Confidential - El Segundo, CA
- Handle the installation and configuration of a Hadoop cluster.
- Build and maintain scalable data pipelines using the Hadoop ecosystem and other open source components like Hive, and HBase.
- Handle the data exchange between HDFS and different web sources using Flume and Sqoop.
- Monitor the data streaming between web sources and HDFS.
- Monitor the Hadoop cluster functioning through monitoring tools.
- Close monitoring and analysis of the MapReduce job executions on cluster at task level.
- Inputs to development regarding the efficient utilization of resources like memory and CPU utilization based n the running statistics of Map and Reduce tasks.
- Changes to the configuration properties of the cluster based on volume of the data being processed and performance of the cluster.
- Handle the upgrades and Patch updates.
- Set up automated processes to analyze the System and Hadoop log files for predefined errors and send alerts to appropriate groups.
- Responsible for building scalable distributed data solutions using Hadoop.

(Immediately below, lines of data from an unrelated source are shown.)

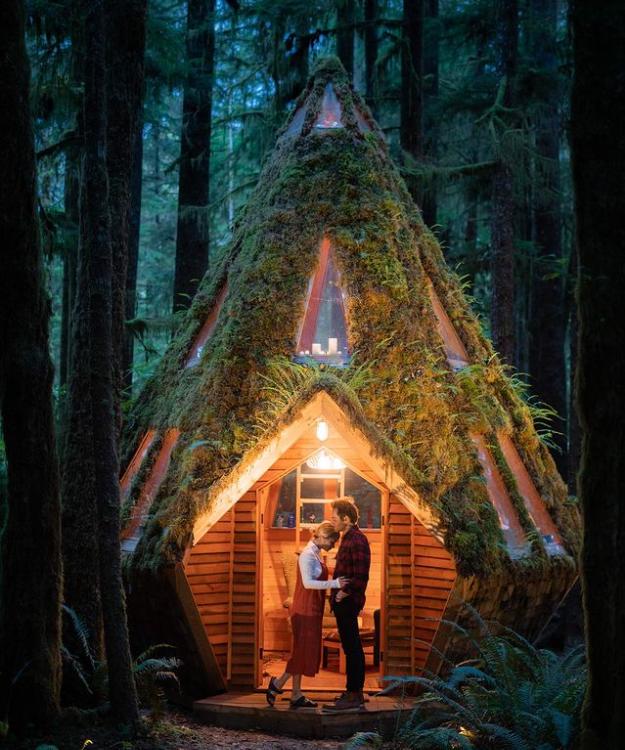 两位情侣在森林中搭个帐篷,一对情侣在大山深处打造的家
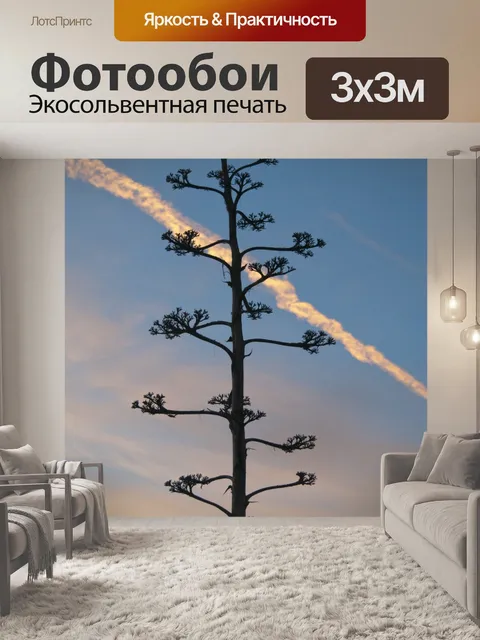 Фотообои Силуэт растения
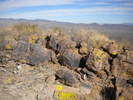 photo thumbnail #13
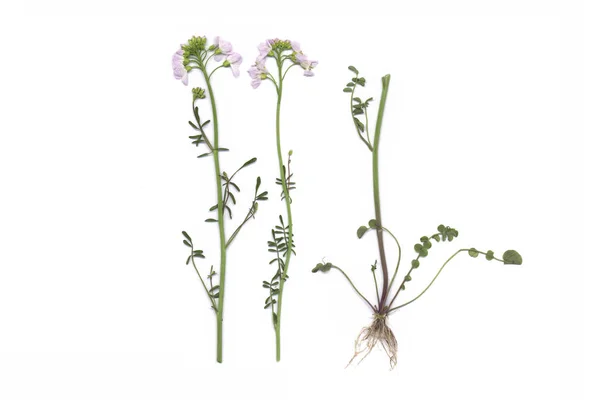 Brassicaceae Cuckooflower Cardamine Pratensis — Stock Photo, Image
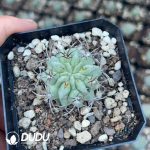 Eriosyce Paucicostata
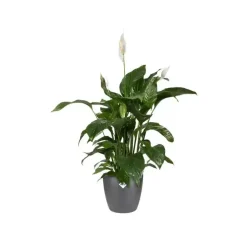 Elho Brussels bloempot rond 16 cm antraciet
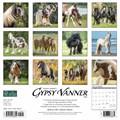 Gypsy Vanner Horse Calendar 2024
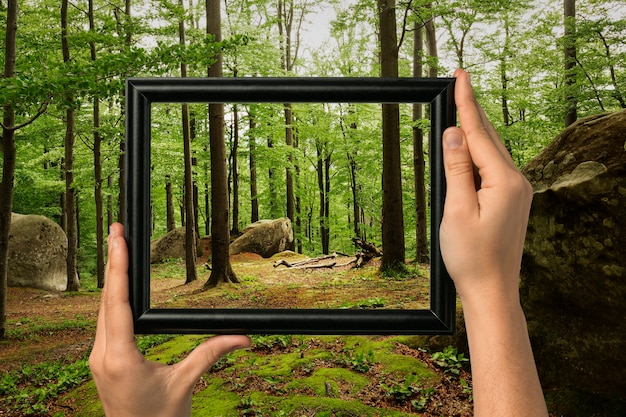 Free photo nature landscape with hand holding frame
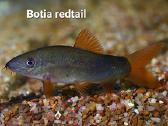 Akvariuminės žuvytės 20% nuolaida! - nuotraukos Nr. 9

- Commission or decommission the data nodes from cluster in case of problems.
- Set up automated processes to archive/clean the unwanted data on the cluster, in particular on Name node and Secondary name node.
- Set up and manage HA Name node and Name node federation using Apache 2.0 to avoid single point of failures in large clusters.
- Set up the checkpoints to gathering the system statistics for critical set ups.
- Discussions with other technical teams on regular basis regarding upgrades, Process changes, any special processing and feedback.
Environment: Hadoop, HDFS, MapReduce, Hive, Pig, Sqoop, Oozie, Cloudera.
- Install and maintain all server hardware and software systems and administer all server performance and ensure availability for same.
- Monitor everyday systems and evaluate availability of all server resources and perform all activities for Linux servers.
- Maintain and monitor all system frameworks and provide after call support to all systems and maintain optimal Linux knowledge.
- Perform tests on all new software and maintain patches for management services and perform audit on all security processes.
- Gathered test data requirements for data conditioning from Business Units to test total application functionality.
- Developed Automation Scripts using shell scripts to check the log files size, and report the application.
- Responsible in writing the cron jobs to start the processes at regular intervals.
- Involved in Database Testing Using SQL to pull data from database and check whether it matches with GUI.
Environment: RedHat Linux 6.3, MySQL, VMware, Shell, Perl.